The issue percolated at the 2018 MBA IMB Conference in Amelia Island, Fla. During a roundtable discussion, Bayer ask if any other participants were having problems involving revenue and costs with their state bond programs.

Jeff Brader, Regional Vice President with Union Home Mortgage, Westerville, Ohio, and former President of the Ohio Mortgage Bankers Association, offered that they'd experienced a similar problem and had worked with the State of Ohio to find a satisfactory solution. "I met with Jeff afterward to brainstorm," Bayer said. "We discussed some specifics and strategies about how they got it to work in Ohio, and I was determined to try it in Missouri."

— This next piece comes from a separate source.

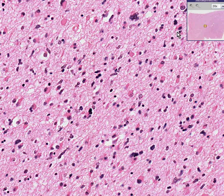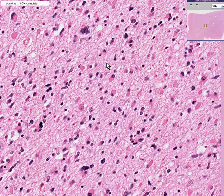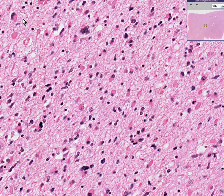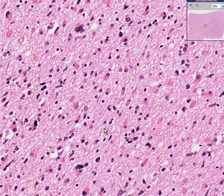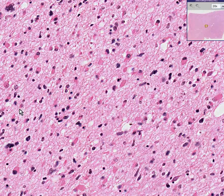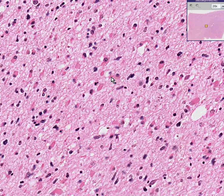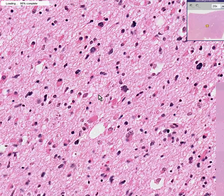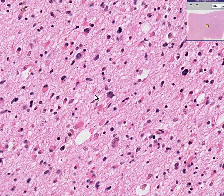Astrocytomas are generally called gliomas as well. Notice that they don't look terribly abnormal. Some may be a little bit bigger and darker than they should be, but for the most part, when you look at these cells — and 90% of these are glioma cells — notice that they look kind of benign.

At the time, Bayer was President of the St. Louis MBA (the second-oldest MBA in the country). "At the next board meeting I went after this," he said. "The board agreed to try it. I worked with our lobbyist, Doug Nelson of Lathrop Gage, and took it to the state MBA and got their buy-in as well; they agreed to back us.

The next step was a meeting with representatives of the MHDC; Bayer was joined at the meeting with several St. Louis MBA Missouri MBA member companies. "The Commission heard our concerns and were receptive," he said.

At the Commission's request, and to bolster its case, the St. Louis MBA reached out to MBAs in bordering states, asking for comparative data. Seven states and several local MBAs responded; as a result, Bayer learned that of the eight states, Missouri ranked seventh in bond revenues--proof that lenders in the state were at a disadvantage.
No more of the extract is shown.